According to CHRD, the way the Chinese government dealt with the activist's case shows multiple failures to meet its obligations under the International Convention against Torture, to which it is a signatory.

On the contrary, China still uses this tool to extract confessions, punish those who stand up against the dominant ideology and impose unfair prison sentences.

"This sentence is outrageous," said William Nee, CHRD Research and Advocacy Coordinator. "Chang Weiping should not be spending even one day in prison.”

“The government’s handling of this case has been rife with procedural illegality and human rights abuses throughout, and the sentencing is a cruel reprisal against a lawyer who defended victims of injustice and who bravely revealed the details of torture that he had experienced,” Nee explained.

For him, the sentence “is meant to deter other torture victims from coming forward. For the Chinese government, sadly, systemic use of torture is a feature, not a bug.”

In December 2019, Chang Weiping attended a meeting of human rights lawyers and activists in the southern coastal city of Xiamen. Subsequently, all those present were subjected to repression, systematically detained and questioned.

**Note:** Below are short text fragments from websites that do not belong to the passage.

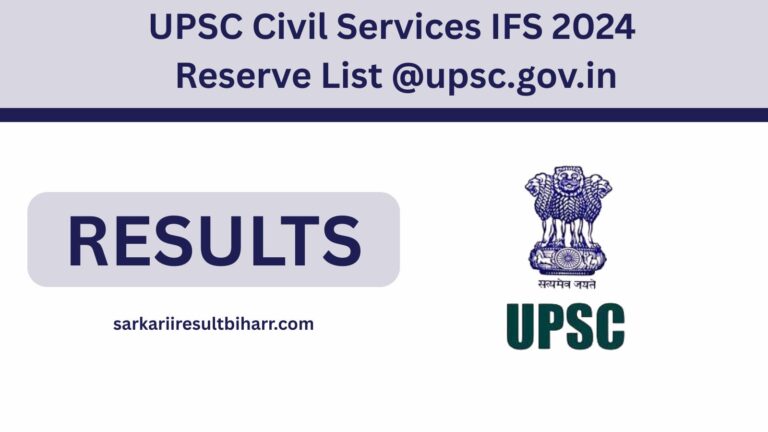 UPSC Civil Services IFS 2024 Reserve List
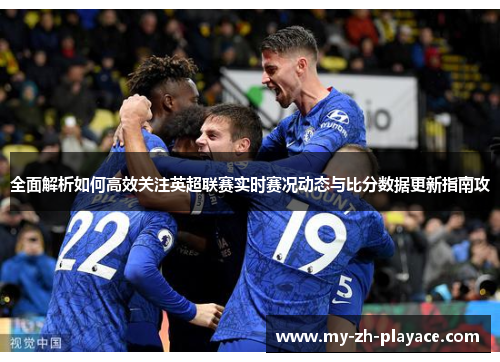 全面解析如何高效关注英超联赛实时赛况动态与比分数据更新指南攻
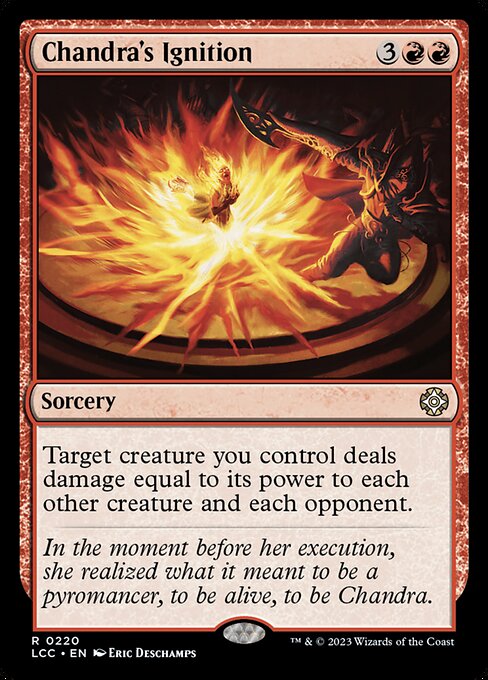 Chandra's Ignition – Commander: The Lost Caverns of Ixalan (LCC-220) Magic: The Gathering card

Chang was accused of “endangering national security” and placed under “residential surveillance in a designated location (RSDL)”. He was released after ten days, but remained under close watch and his licence to practice law was revoked.

In October 2020 he posted a video online, describing how he was tortured during  questioning, strapped in a "tiger chair" held in place by painful handcuffs and leg irons.

During his detention, he was subjected to interrogation while under extreme hunger, exhaustion and pain. In fact, the authorities turned down his request to see a doctor and deprived him of adequate food while his interrogators ate snacks in front of him.

Instead of launching a prompt and impartial investigation into police officers accused of abuse and torture, the authorities violated international law again by re-arresting Chang Weiping and keeping him in solitary confinement for almost eleven months.

When he was able to meet a lawyer for the first time in September 2021, he said that he had been tortured, with long periods on the "tiger chair", including one stint of six days and six nights.

This, combined with sleep deprivation and inadequate food, was designed to extract a confession in order to reach a conviction, which arrived yesterday.